The rate of change in tech is enormous. Trying to predict the future news story that your product could create is inherently difficult. Even with evolved methods and a diverse team, history shows that humans are notoriously bad at predicting the future. It’s only natural that we have a bias towards the way our products could benefit society rather than the ways they could harm it.

We’re living in a world where cause and effect can only be understood with hindsight, if it can be understood at all. – Rebecca Parsons, CTO, ThoughtWorks

Experiment, observe, adapt. Let’s look at an extreme example of how experimenting with emerging tech can help predict and avoid unintended consequences. ThoughtWorks runs a program with artists on the cutting edge of technology and its interaction with society. Andy McWilliams, director of the program describes our interest in art as emerging technology research. Working with artists helps us to look forward and to build a view of what’s coming.
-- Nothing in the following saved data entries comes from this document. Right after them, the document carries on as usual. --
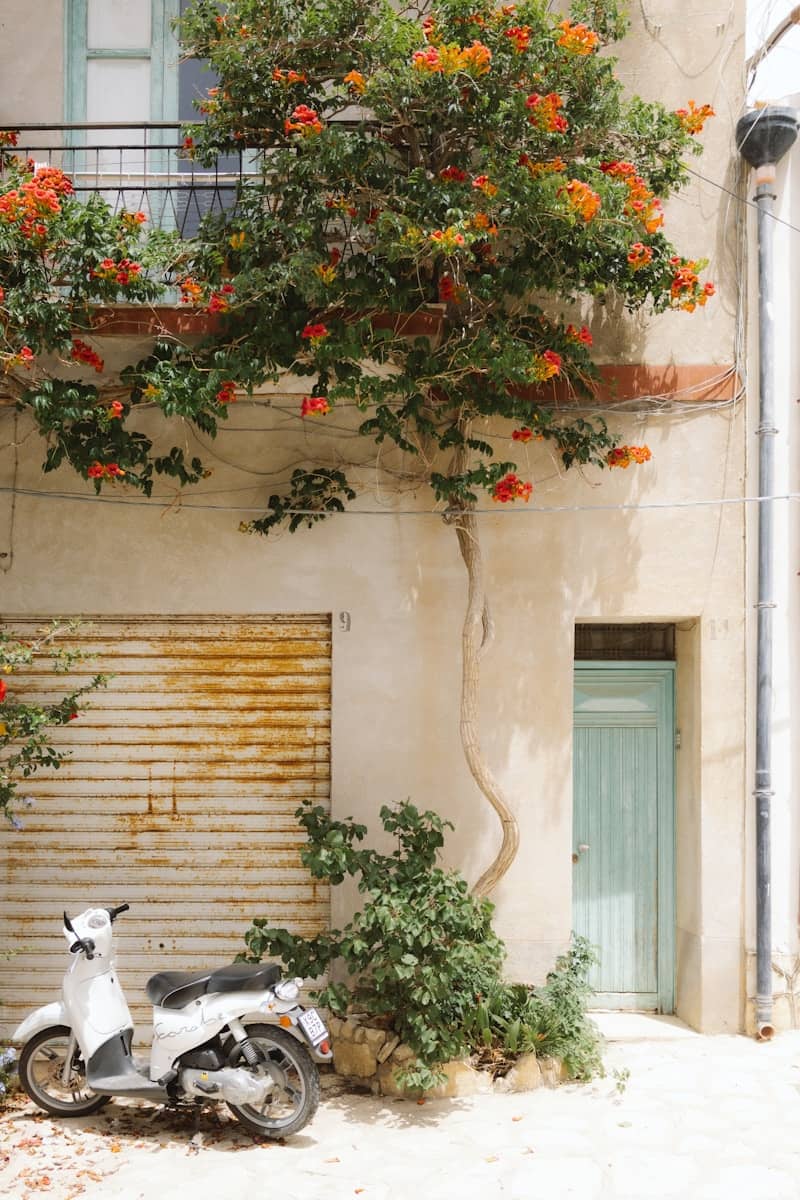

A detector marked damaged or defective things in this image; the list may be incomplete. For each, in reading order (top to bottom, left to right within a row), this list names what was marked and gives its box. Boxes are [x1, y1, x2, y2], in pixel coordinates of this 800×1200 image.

rusty metal roller shutter [0, 614, 331, 1036]
rust stain on shutter [0, 614, 331, 1036]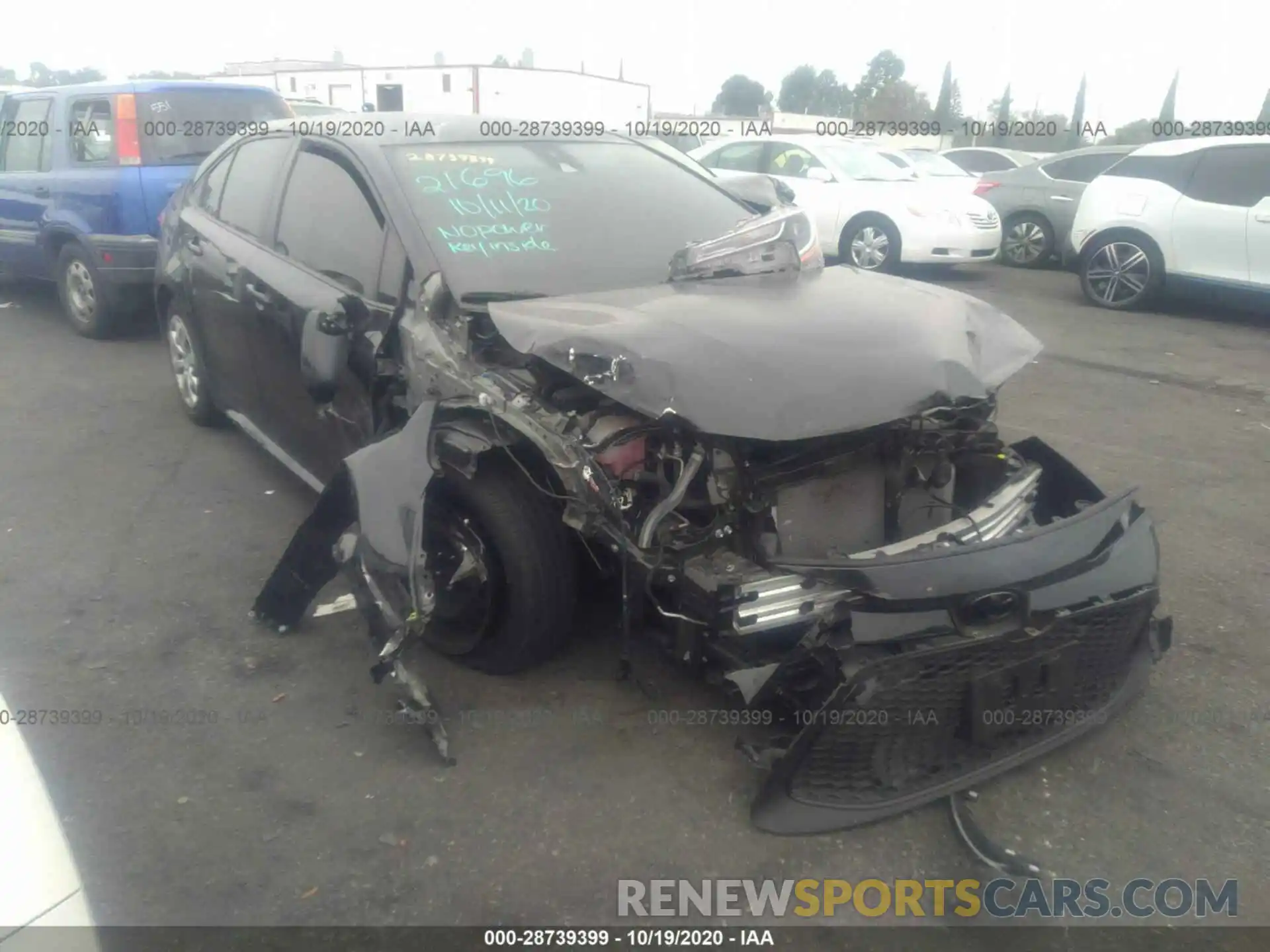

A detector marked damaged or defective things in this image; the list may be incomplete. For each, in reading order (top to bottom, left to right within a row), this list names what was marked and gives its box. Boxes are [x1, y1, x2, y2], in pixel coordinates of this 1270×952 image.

damaged headlight [670, 206, 827, 282]
detached front bumper [904, 219, 1000, 265]
crumpled hood [485, 266, 1041, 442]
torn fender panel [485, 269, 1041, 444]
wrecked gray sedan [195, 123, 1168, 838]
detached front bumper [741, 439, 1168, 832]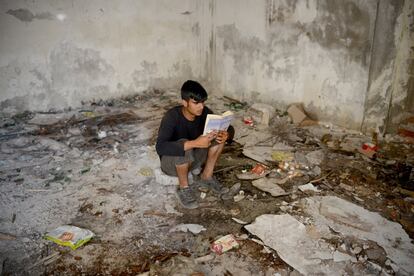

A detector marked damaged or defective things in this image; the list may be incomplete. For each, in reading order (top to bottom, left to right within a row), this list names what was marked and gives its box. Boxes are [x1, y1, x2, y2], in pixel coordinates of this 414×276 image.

broken concrete chunk [252, 177, 288, 196]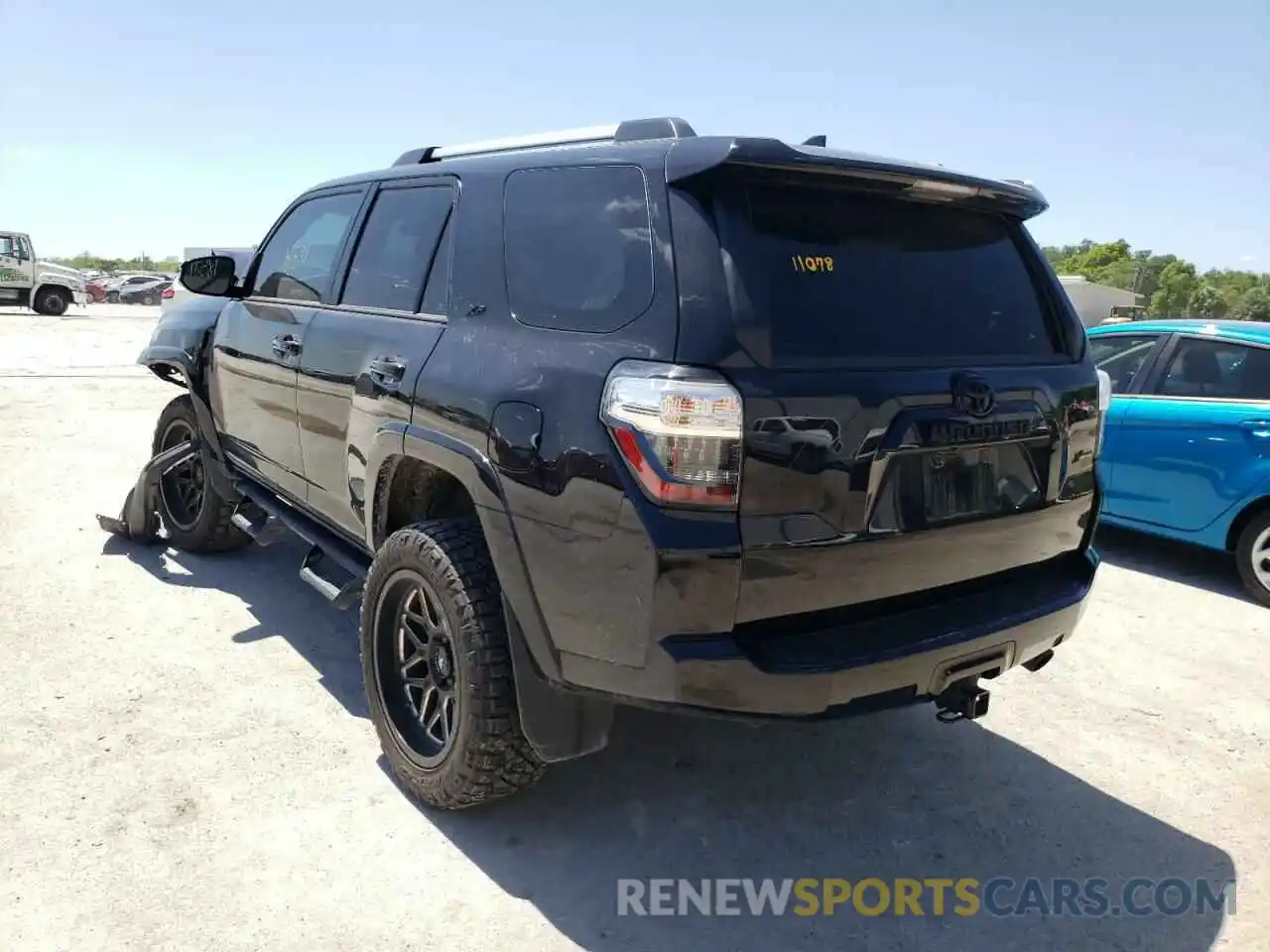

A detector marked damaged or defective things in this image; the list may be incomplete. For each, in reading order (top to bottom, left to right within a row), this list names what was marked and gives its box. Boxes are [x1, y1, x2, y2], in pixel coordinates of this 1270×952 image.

detached front wheel [152, 396, 251, 555]
detached front wheel [363, 523, 551, 812]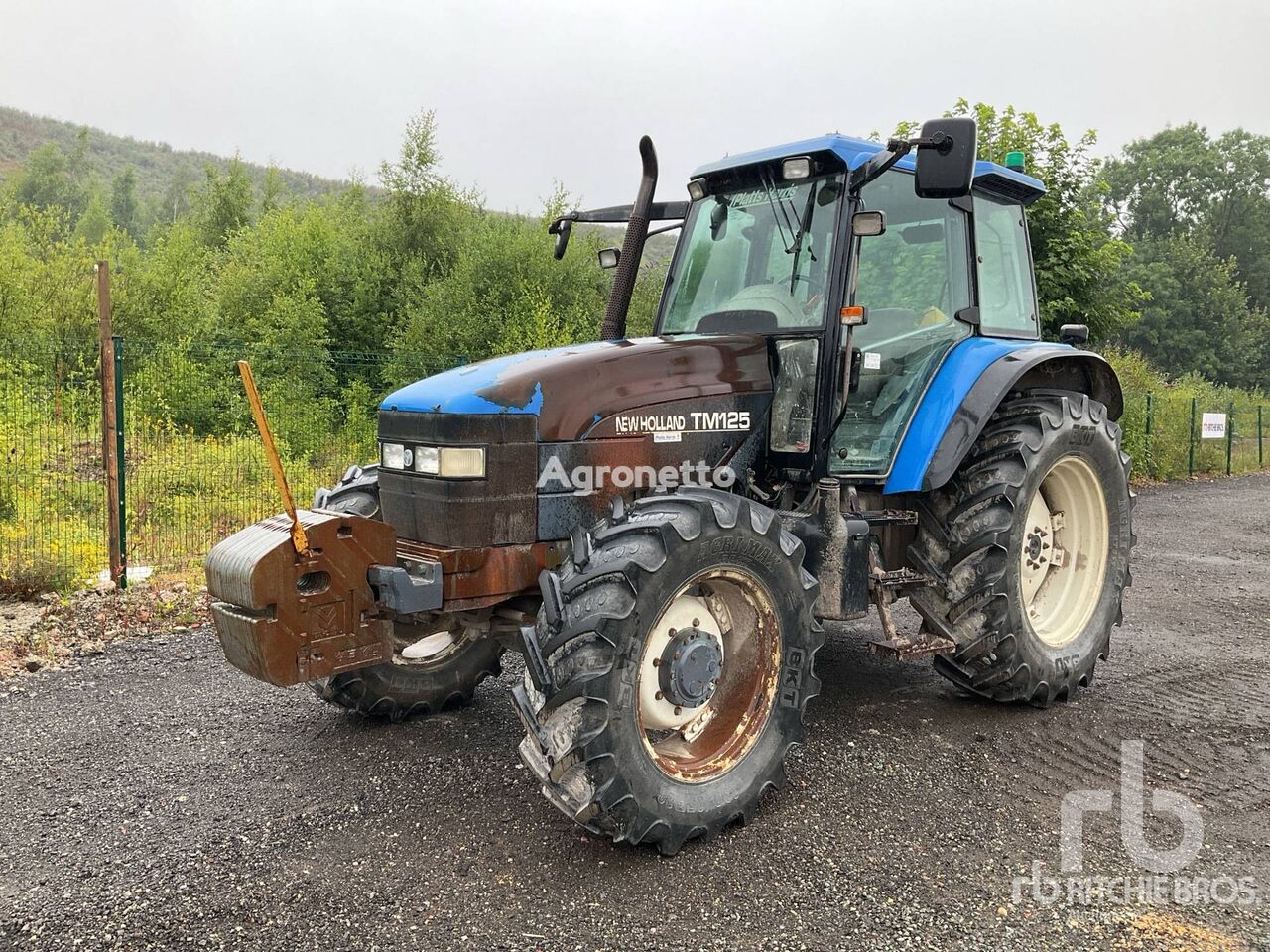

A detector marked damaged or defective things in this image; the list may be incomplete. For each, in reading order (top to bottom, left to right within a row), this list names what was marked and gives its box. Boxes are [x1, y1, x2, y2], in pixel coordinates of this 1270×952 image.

rusty ballast weight [208, 363, 441, 682]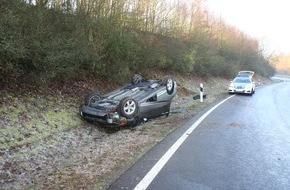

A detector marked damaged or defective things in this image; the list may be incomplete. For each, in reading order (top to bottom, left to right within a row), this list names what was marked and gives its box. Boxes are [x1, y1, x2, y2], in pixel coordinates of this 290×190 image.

damaged vehicle [78, 75, 177, 127]
overturned car [79, 75, 177, 127]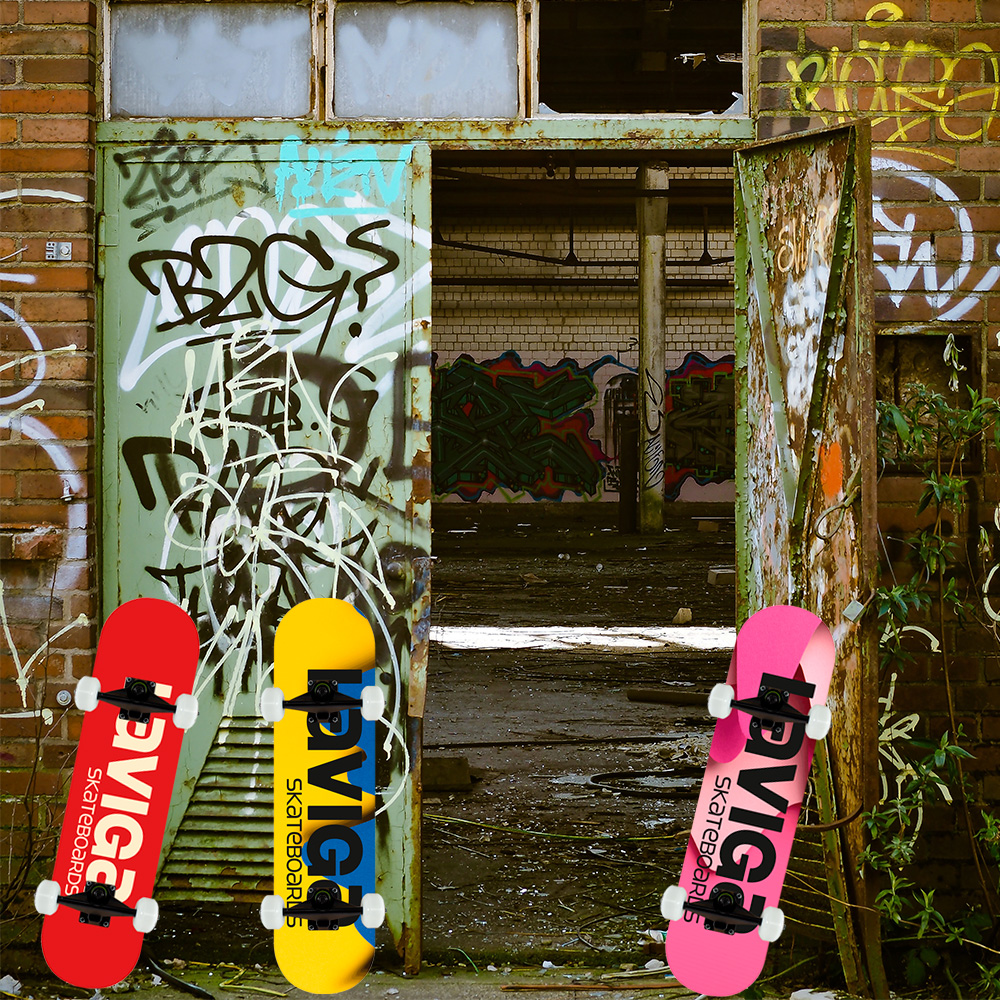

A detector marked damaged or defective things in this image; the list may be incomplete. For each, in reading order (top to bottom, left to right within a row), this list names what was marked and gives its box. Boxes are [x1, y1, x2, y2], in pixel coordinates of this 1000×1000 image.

broken window pane [109, 4, 312, 119]
broken window pane [336, 2, 520, 120]
open rusty door [732, 125, 888, 1000]
rusted metal surface [736, 127, 884, 1000]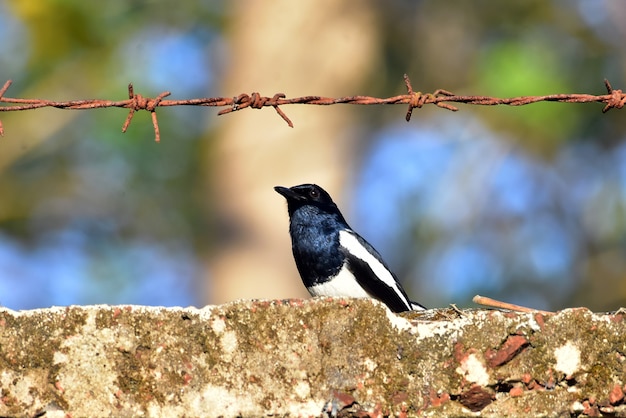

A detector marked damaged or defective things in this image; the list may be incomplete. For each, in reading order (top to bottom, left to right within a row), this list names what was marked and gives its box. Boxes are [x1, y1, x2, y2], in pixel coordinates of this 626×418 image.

rust on wire [0, 75, 620, 140]
rusty barbed wire [0, 77, 620, 143]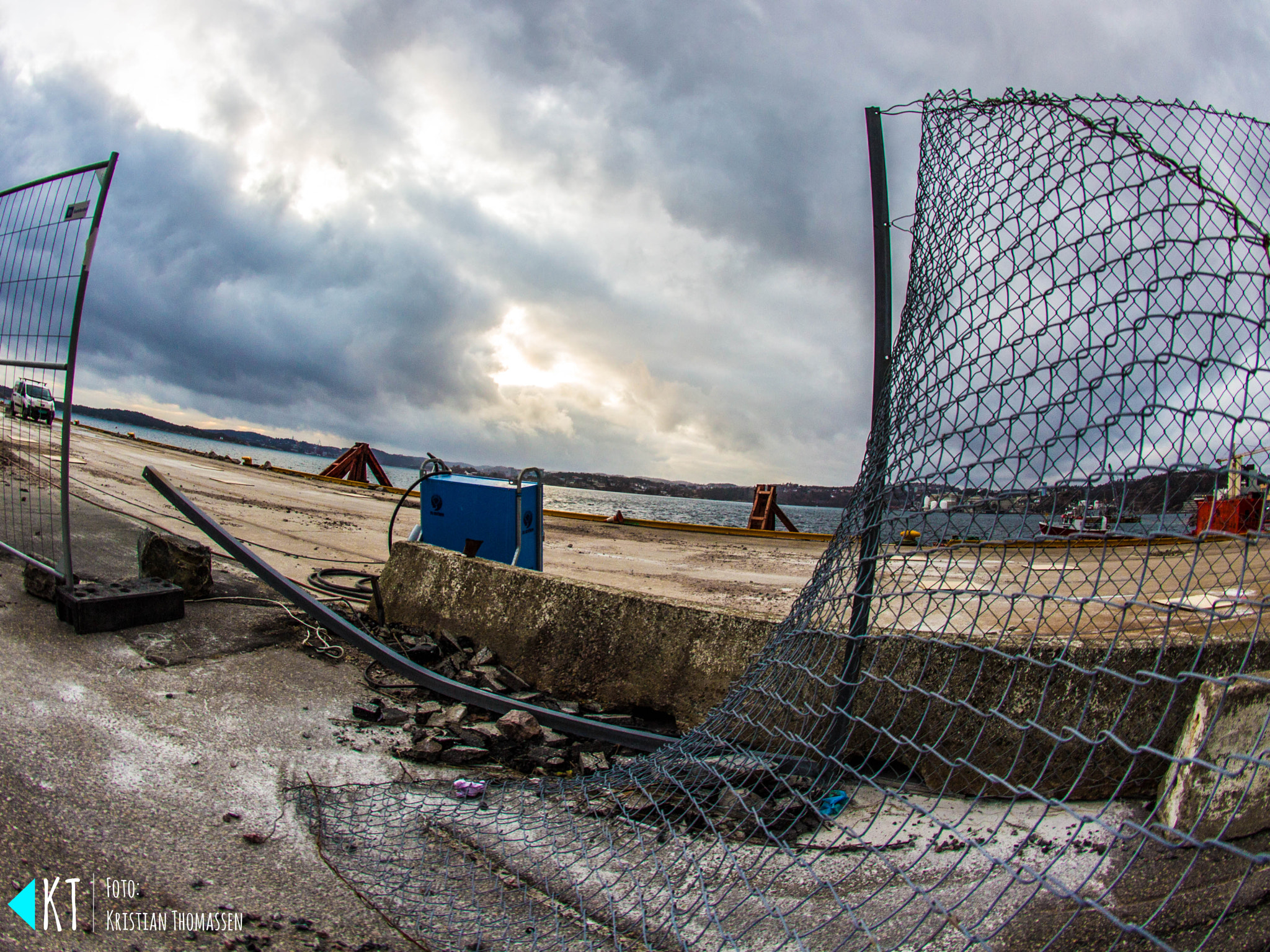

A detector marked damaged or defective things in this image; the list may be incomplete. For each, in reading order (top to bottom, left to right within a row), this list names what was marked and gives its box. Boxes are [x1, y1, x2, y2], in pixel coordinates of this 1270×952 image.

bent chain-link fence [0, 156, 119, 581]
chunk of broken concrete [137, 531, 212, 596]
broken concrete edge [139, 467, 675, 756]
broken concrete edge [376, 538, 772, 731]
bent chain-link fence [292, 91, 1270, 952]
chunk of broken concrete [444, 746, 487, 766]
chunk of broken concrete [495, 710, 541, 746]
broken concrete edge [1158, 670, 1270, 842]
chunk of broken concrete [1163, 670, 1270, 842]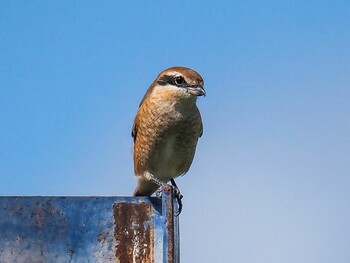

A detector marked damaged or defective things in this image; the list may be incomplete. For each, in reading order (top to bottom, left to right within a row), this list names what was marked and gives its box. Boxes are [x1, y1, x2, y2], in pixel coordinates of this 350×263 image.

rusty metal surface [0, 188, 179, 263]
rust stain [114, 203, 154, 262]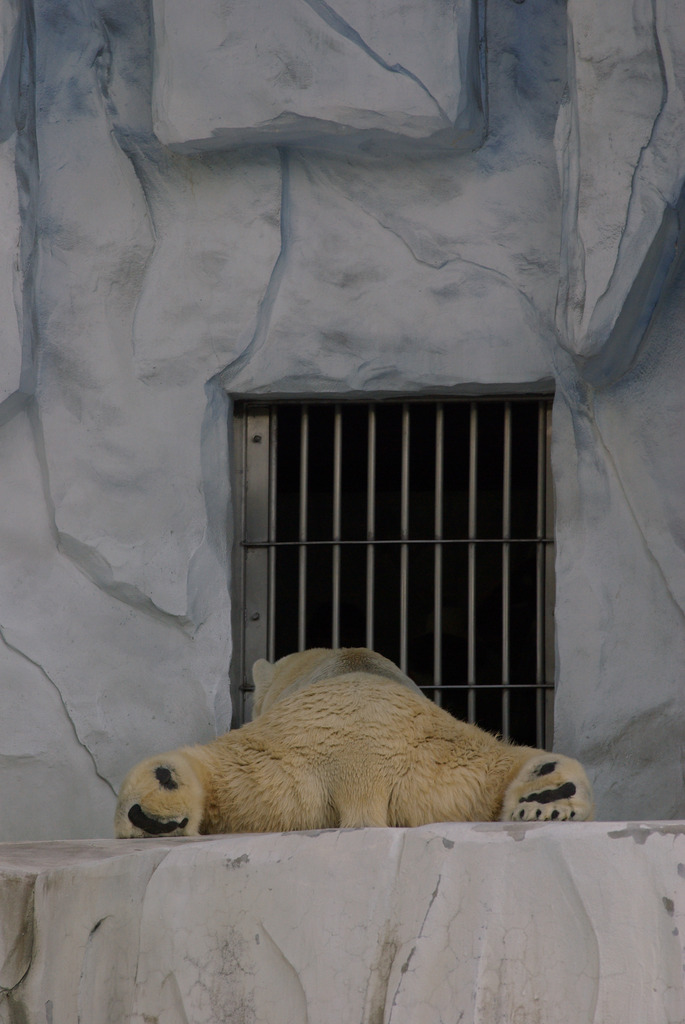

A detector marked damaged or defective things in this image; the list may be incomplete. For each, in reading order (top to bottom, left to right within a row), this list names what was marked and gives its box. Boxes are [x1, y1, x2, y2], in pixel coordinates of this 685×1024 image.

cracked concrete surface [1, 823, 683, 1024]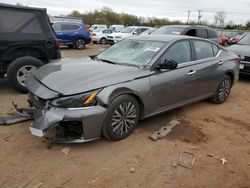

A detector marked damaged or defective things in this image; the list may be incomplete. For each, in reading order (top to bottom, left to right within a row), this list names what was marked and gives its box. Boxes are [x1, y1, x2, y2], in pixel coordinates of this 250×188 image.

crumpled hood [34, 57, 149, 95]
damaged front end [25, 75, 108, 146]
broken front bumper [29, 106, 107, 141]
detached bumper piece [29, 106, 107, 148]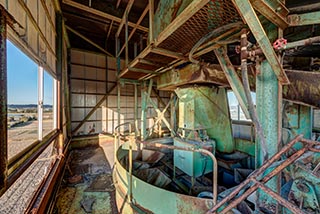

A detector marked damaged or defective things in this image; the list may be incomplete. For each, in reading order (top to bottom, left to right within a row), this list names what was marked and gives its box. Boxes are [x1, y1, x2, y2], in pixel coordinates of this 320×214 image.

rusty brown metal beam [71, 83, 117, 135]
Neil Harbisson was born without the ability to perceive colour. Neil has implanted an antenna with a webcam at the end of it into the back of his skull which translates colours into various vibrations that Neil perceives as sound. He can’t turn this device off, meaning his brain has adapted to the incoming data to a point where he now perceives an extra sense. He now describes himself as a cyborg.

This is technology that exists today, and by exploring the ways that a data feed can become a new human sense we’re able to look ahead to explore possible futures, to examine the benefits and the possible unintended consequences and to start creating a dialogue about it.

Luckily, we don’t have to become cyborgs to run experiments. We can treat every design decision as an experiment – to observe the outcomes and to have a conversation about what the implications might be. Rather than design being a one way interaction we need to think about how it can be far more reciprocal, where we’re continuously observing the results and course correcting carefully to ensure that what we’re creating does truly reflect our human values.

To conclude: It’s clear that as a tech industry we have far more work to do to humanize technology. If we don’t have the ability to prevent a simple unintended such as a data breach, we have a long way to go. Meg hopes these small strategies will motivate you to examine what you can do to take more responsibility for the consequences of your work, and help you reflect both your values and the values of your team. Thankyou.